Speaker
Description
The study of high-energy collisions of small systems has generated significant discussions about the initial conditions, including the size of the system, needed to generate the Quark-Gluon Plasma (QGP). Results from asymmetric small systems, such as $p$+Au and $p$+Pb, exhibit some QGP-like signatures (e.g., flow and enhancement of strangeness production) but not others (e.g., jet quenching). However, recent results from RHIC and LHC provide strong indications of jet quenching in O+O collisions, suggesting a long-lived QGP may be created in these collisions. Therefore, new studies on strangeness production in O+O collisions are essential to explore additional potential QGP signatures in this system.
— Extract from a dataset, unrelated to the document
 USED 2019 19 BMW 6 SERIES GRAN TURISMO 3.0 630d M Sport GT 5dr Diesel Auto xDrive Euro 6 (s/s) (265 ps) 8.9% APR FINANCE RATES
A key question for strangeness production is the dependence of the collision system at a fixed energy. This dependence can be studied with STAR because RHIC has an extensive and diverse existing data collection with different collision systems and energies. For example, the $\Omega/\phi$ ratio and the (multi) strange-hadron-to-pion yield ratios as a function of multiplicity in different collision systems can help us investigate and possibly identify the threshold for QGP production.
In this talk, we will present new STAR measurements of strange hadron production in d+Au, O+O, Zr+Zr, and Ru+Ru collisions at $\sqrt{s_{\text{NN}}}$ = 200 GeV, including their transverse momenta spectra, yields and their rapidity dependence, nuclear modification factors, antibaryon-to-baryon ratios, and baryon-to-meson ratios. We will compare these results with existing $p$+$p$, $p$+Au, and other larger symmetric systems used at RHIC (Au+Au, Cu+Cu), as well as with predictions from theoretical model calculations.